Botschaft an Politik: „Kein Grund zur Panik!“

Auch die Hausärzte hätten viel in Sachen Ordinationsmanagement und im Umgang mit möglicherweise infektiösen Patienten gelernt, so Ziegler, mittlerweile gebe es ein räumliches und zeitliches Abstandmanagement etc. „Wir können das managen“, meinte auch Sprenger. „Liebe Politik, kein Grund zur Panik, kommt’s wieder runter!“.

Gratistests durch Hausärzte?

Im Ö1 Morgenjournal forderte am Freitag die Ärztin Susanne Rabady, Mitglied des Expertenrats des Gesundheitsministers, dass Tests durch Hausärztinnen und -ärzte durchgeführt oder vermittelt werden sollten, und zwar gratis. Mehr dazu in: „Forderung nach besserem Testsystem“ news.ORF.at

Niedermoser: Thema aus der Politik

Die CoV-Diskussion müsse sachlicher werden, so auch Ärztekammerpräsident Peter Niedermoser in der Sendung Oberösterreich heute am Freitag. Das Thema müsse aus der Politik wieder zurück in die Hände der Mediziner gelegt werden.

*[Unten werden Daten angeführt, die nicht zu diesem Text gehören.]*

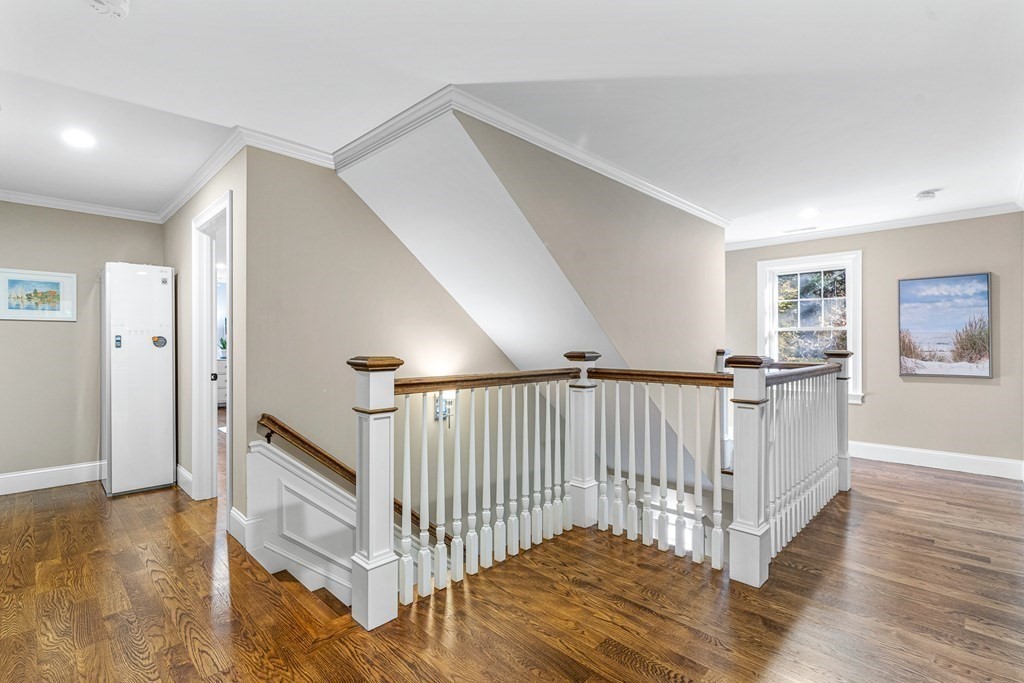 508 South Border Road Winchester, MA 01890 - Photo 28 of 41 a view of a hallway with stairs and a living room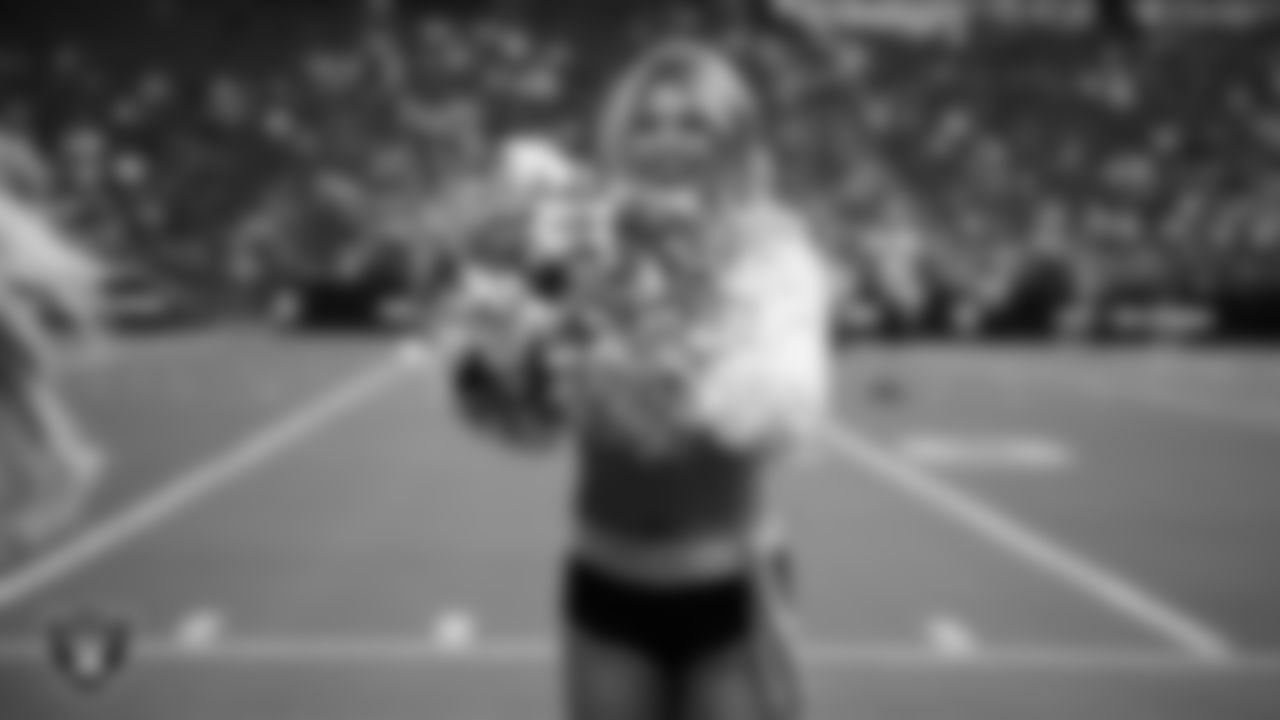 Raiderette Isabella performs on the sidelines during a 2025 Training Camp mock game at Allegiant Stadium.
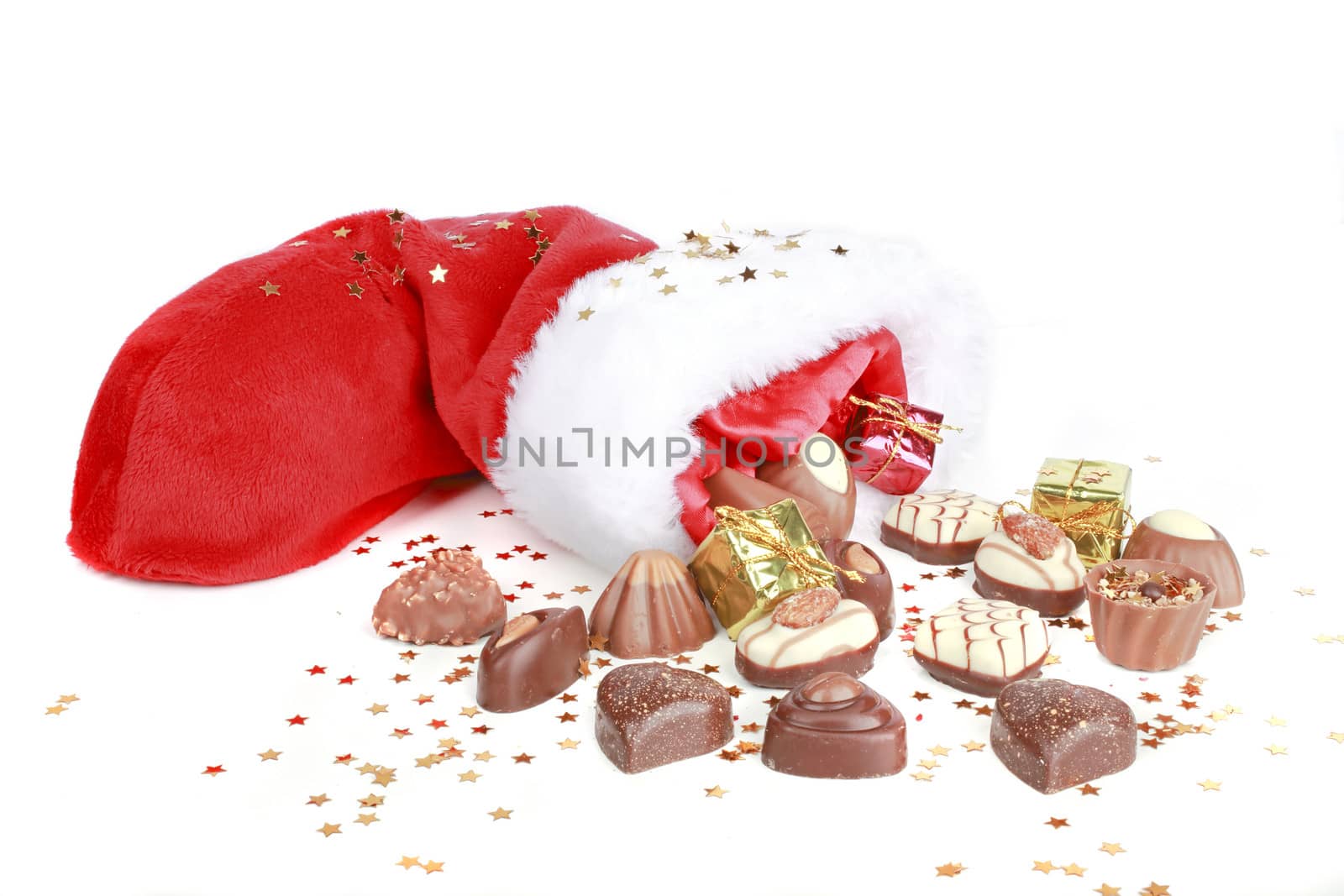 Chocolate and santa hat on a white background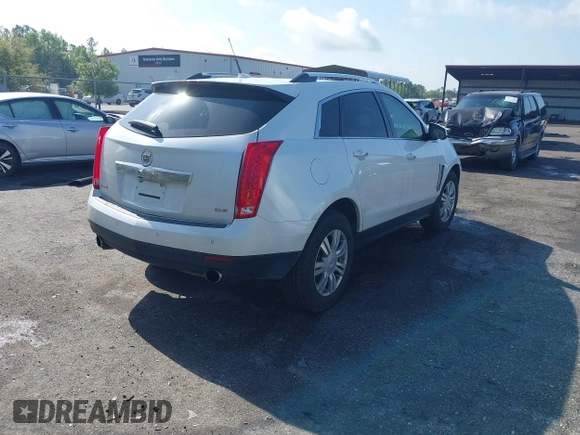 2013 Cadillac SRX Luxury Collection with VIN 3GYFNCE33DS608040, listed as a IAAI auction lot 41912860 with 128,295 mi miles and . Bid and sale history available at DreamBid. Image 4.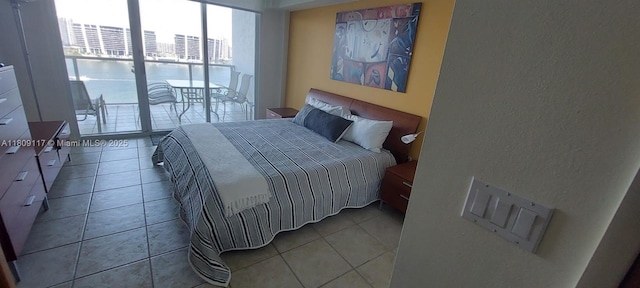 18100 N Bay Rd Unit Ph7, Sunny Isles Beach, FL 33160 - bedroom with a textured wall and light tile patterned floors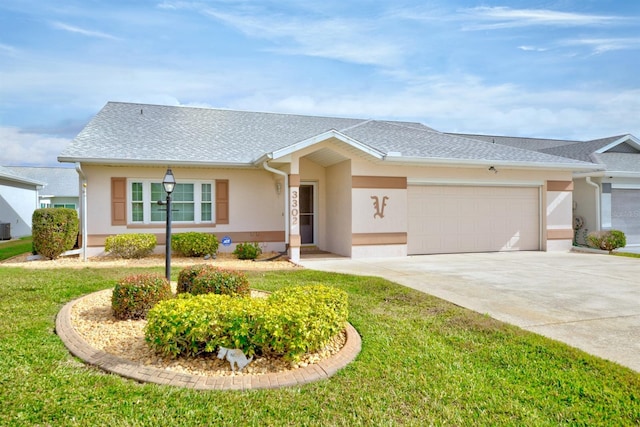 single story home with central AC, a front yard, and a garage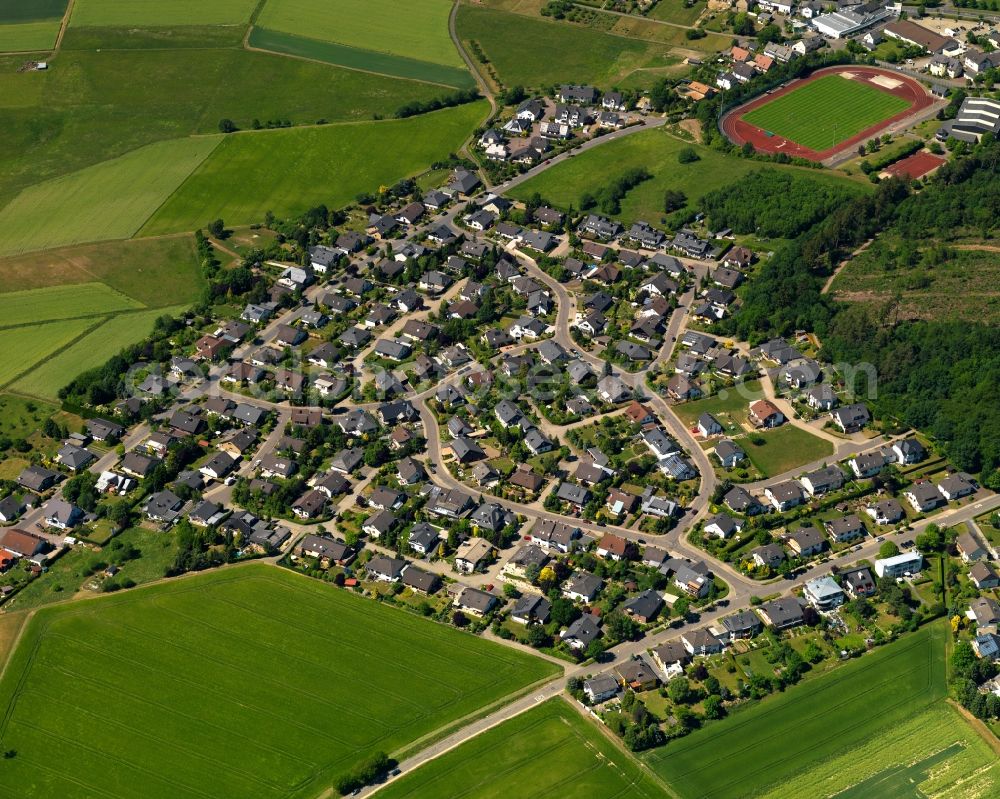 Aerial photograph Emmelshausen - View of the Basselscheid part of the town of Emmelshausen in the state of Rhineland-Palatinate. The town is an official spa resort in the county district of Rhine-Hunsrueck, surrounded by fields, meadows and forest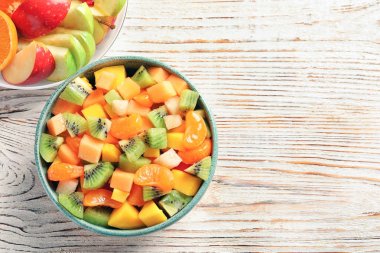 Ahşap masa, üstten görünüm üzerinde taze kesilmiş meyve ile kase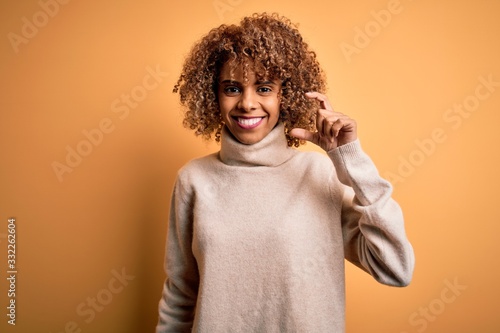 Young beautiful african american woman wearing turtleneck sweater over yellow background smiling and confident gesturing with hand doing small size sign with fingers looking and the camera. Measure © Krakenimages.com
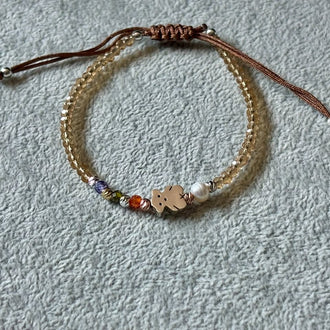 PULSERA AJUSTABLE HILO CAFE CON DIJE INSP. TOUS, PLATA .925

OÖ-Ärztekammerpräsident Peter Niedermoser im ORF-Interview

Es gelte vor diesem Virus Respekt zu haben, aber er sieht aber keinen Grund zur Panik.

Es gehe darum, nicht einen Laborwert zu beurteilen, sondern den Menschen in seiner Gesamtheit zu sehen. Daher sei eine neue Professionalität gefordert, denn das Virus könne nicht ausgerottet werden. „Wir müssen Respekt haben vor diesem Virus, aber müssen keine Angst davor haben“.